What to produce
Pictures within the data are to be left out; everything else must be reproduced exactly.

Data for this task
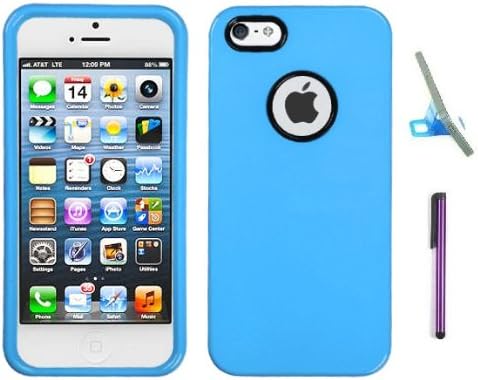 Premium New Apple Iphone 5 Phone Protector Hard Cover Case With Decorative Black Ring And Purple Touch Screen Stylus Pen, Phone Stand (Light Blue)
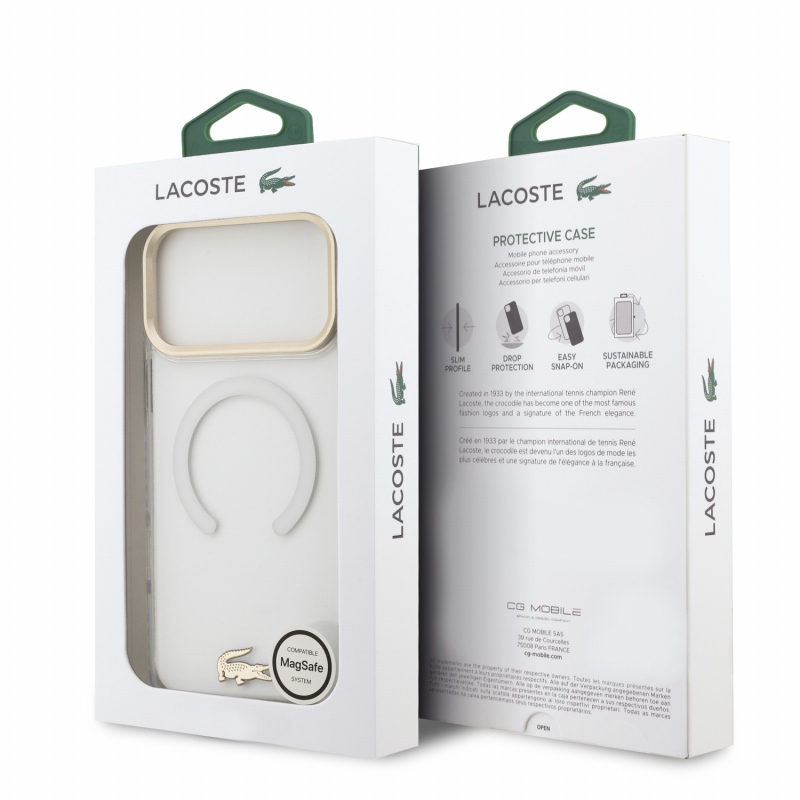 Lacoste IML Shockproof Petit Pique Gold Logo MagSafe zadný kryt pre iPhone 18 Pro Max, priehľadný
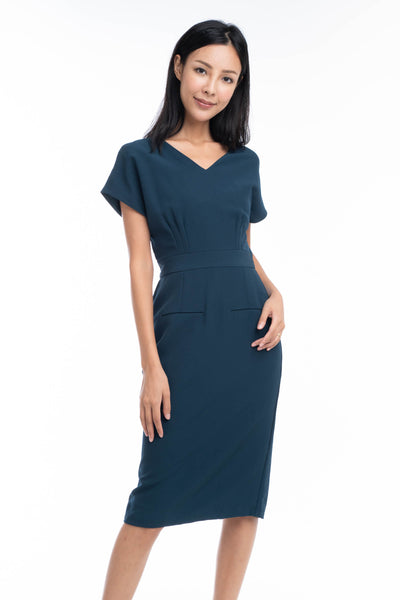 Maggie Pleated Front Waist Band Midi Dress in Green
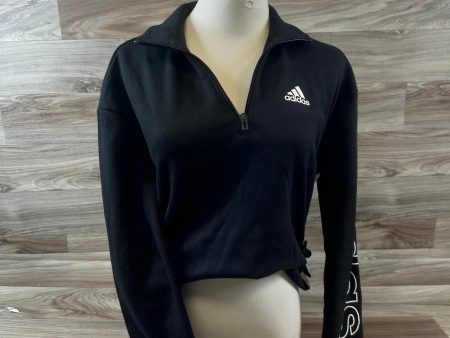 Athletic Top Long Sleeve Collar By Adidas In Black & White, Size: Xs Hot on Sale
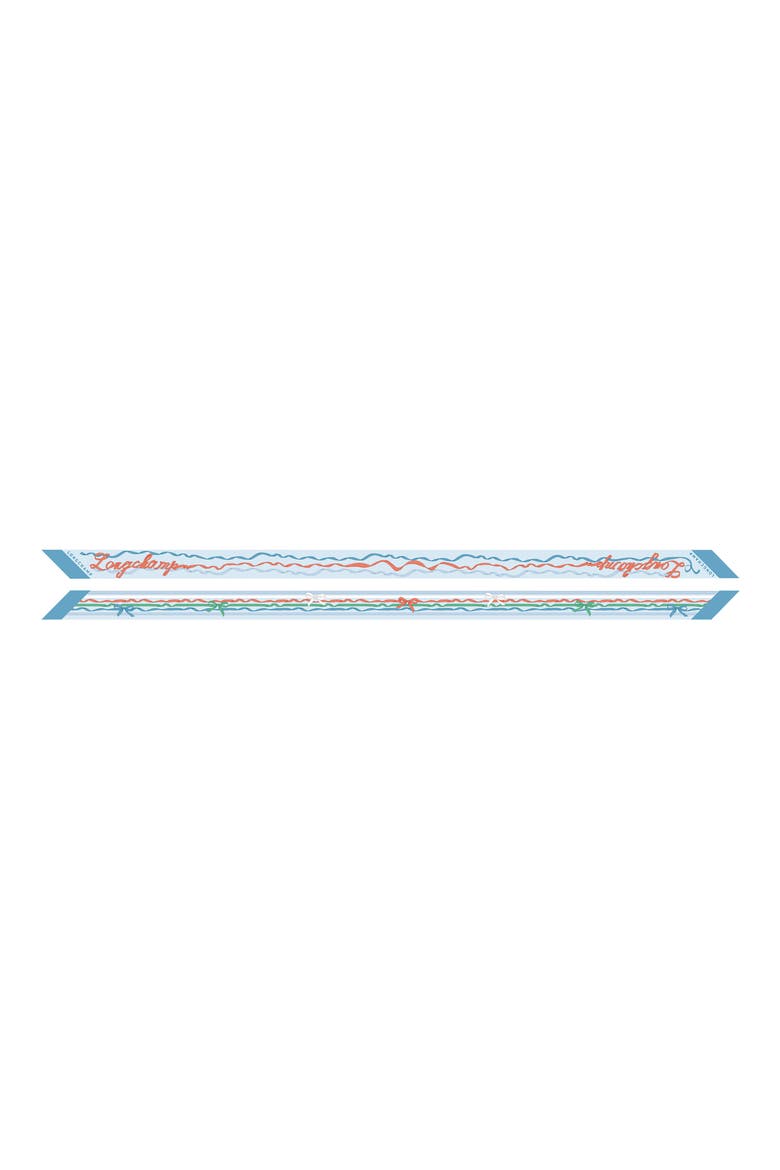 Ribbon Print Silk Bandana Scarf, Alternate, color, LAGOON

Solved problem
 Premium New Apple Iphone 5 Phone Protector Hard Cover Case With Decorative Black Ring And Purple Touch Screen Stylus Pen, Phone Stand (Light Blue)
 Lacoste IML Shockproof Petit Pique Gold Logo MagSafe zadný kryt pre iPhone 18 Pro Max, priehľadný
 Maggie Pleated Front Waist Band Midi Dress in Green
 Athletic Top Long Sleeve Collar By Adidas In Black & White, Size: Xs Hot on Sale
 Ribbon Print Silk Bandana Scarf, Alternate, color, LAGOON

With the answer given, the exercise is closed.